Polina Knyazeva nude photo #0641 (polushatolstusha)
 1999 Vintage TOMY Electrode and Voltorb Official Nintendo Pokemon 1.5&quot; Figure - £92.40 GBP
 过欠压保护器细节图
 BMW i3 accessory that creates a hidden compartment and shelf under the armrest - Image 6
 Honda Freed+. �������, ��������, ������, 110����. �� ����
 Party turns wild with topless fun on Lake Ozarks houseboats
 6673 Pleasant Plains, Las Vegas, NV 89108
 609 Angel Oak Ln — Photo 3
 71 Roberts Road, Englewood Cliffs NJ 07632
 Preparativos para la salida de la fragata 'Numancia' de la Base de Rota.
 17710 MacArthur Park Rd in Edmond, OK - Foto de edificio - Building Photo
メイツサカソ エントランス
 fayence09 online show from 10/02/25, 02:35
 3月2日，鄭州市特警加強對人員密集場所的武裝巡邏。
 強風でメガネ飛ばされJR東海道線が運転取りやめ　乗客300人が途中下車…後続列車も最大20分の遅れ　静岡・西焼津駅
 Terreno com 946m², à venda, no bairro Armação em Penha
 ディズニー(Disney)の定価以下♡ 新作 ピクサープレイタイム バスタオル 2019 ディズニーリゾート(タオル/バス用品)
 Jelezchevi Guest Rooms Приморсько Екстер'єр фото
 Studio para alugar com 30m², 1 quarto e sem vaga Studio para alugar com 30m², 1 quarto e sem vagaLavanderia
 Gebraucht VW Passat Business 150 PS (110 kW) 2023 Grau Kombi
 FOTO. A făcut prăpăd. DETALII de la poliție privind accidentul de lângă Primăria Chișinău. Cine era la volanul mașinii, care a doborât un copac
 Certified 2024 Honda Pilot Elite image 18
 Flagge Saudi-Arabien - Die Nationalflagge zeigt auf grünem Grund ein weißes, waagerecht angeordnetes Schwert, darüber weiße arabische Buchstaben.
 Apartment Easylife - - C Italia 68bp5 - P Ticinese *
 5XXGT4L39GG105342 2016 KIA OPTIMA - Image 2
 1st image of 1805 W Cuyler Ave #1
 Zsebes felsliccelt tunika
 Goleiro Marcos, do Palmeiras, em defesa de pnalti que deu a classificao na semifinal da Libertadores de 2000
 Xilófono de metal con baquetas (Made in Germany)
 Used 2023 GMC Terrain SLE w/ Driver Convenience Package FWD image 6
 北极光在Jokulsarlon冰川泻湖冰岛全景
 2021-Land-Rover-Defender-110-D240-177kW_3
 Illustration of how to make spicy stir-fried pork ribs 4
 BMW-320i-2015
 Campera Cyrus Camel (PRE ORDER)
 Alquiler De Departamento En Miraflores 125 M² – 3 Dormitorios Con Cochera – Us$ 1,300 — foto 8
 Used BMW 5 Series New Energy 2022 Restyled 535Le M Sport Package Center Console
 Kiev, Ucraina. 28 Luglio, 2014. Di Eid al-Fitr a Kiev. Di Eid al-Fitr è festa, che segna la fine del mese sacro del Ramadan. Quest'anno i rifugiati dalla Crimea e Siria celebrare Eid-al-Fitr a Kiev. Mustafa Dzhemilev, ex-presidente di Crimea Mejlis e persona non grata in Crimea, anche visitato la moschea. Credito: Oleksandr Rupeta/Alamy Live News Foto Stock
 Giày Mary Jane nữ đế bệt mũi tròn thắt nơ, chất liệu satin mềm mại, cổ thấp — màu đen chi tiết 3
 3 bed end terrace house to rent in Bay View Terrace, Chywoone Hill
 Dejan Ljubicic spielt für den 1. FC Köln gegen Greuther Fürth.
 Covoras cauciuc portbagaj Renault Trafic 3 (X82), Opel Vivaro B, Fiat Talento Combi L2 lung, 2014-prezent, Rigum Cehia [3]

- WORK ORDER -
Working down from the line that contains "3 bed end terrace", retype each line exactly through the last line of the data, and give nothing else.

- RESULT -
 3 bed end terrace house to rent in Bay View Terrace, Chywoone Hill
 Dejan Ljubicic spielt für den 1. FC Köln gegen Greuther Fürth.
 Covoras cauciuc portbagaj Renault Trafic 3 (X82), Opel Vivaro B, Fiat Talento Combi L2 lung, 2014-prezent, Rigum Cehia [3]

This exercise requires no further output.